Creer que nosotros, con las mil y una limitaciones que se hacen patentes todos los días, podemos llegar a un conocimiento ilimitado es, precisamente, dar una patada a la razón. No creo que mi compañero se refiera a eso en su artículo, pero es lo que creí entrever en su último párrafo. En definitiva, pienso que lo racional es confiar en el ser humano, pero sin caer en la ceguera. A esto me refería cuando escribía ese “con los pies en el suelo”.
“Cada uno en su rama”: esta es la segunda idea. La producción de la historia, carece de referencias a teóricos del conocimiento histórico. En el artículo de Citoyen se citan teorías de diversos intelectuales. Eso es fantástico, y yo debería empezar a hacerlo con más frecuencia. No obstante, todos ellos pertenecen a campos ajenos al que nos ocupa.
Me parece absurdo pedirle una formación sobre teoría de la historia que no tienen porque tener.
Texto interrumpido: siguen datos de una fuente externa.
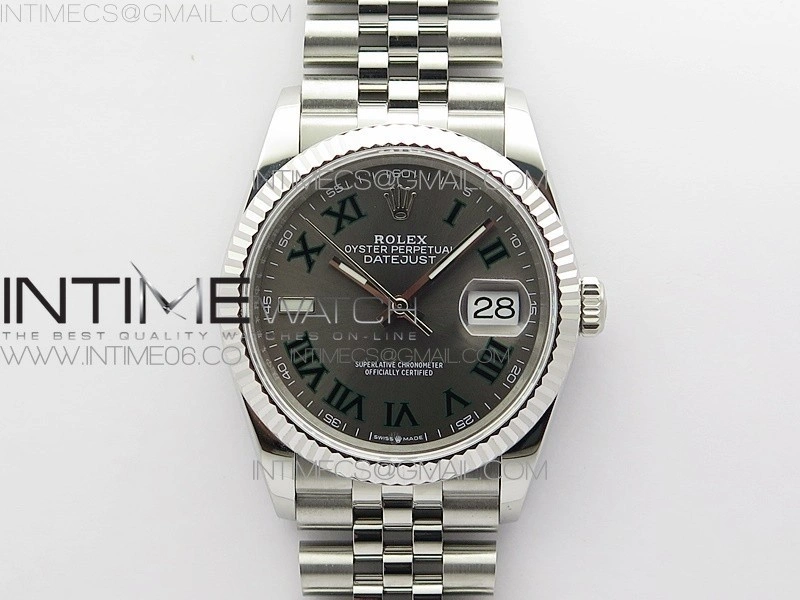 DateJust 36 SS 126234 BP 1:1 Best Edition Gray Dial on Jubilee Bracelet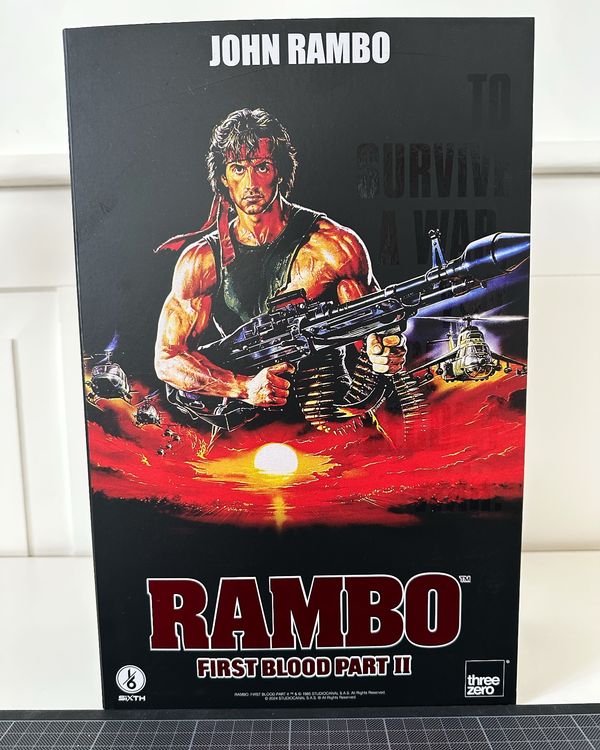 John Rambo 1/6 Figur | Rambo II | Neu & originalverpackt | (Neu und ...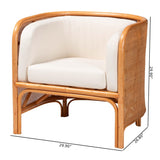 Modern European furniture - Curved Woven Rattan Accent Chair - www.oroa.com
Yo también carezco de esa formación en muchos campos donde él es experto. Sin embargo, todos estamos de acuerdo en que sería una tontería tratar de analizar la economía, la sociología o la física con las teorías de hombres como Ranke, Toynbee, Spengler, Pirenne, Bloch o Braudel. Sin que sirva de alegato contra la colaboración interdisciplinar, que valoro mucho, he de insistir en que las aportaciones teóricas están bien, pero en su rama.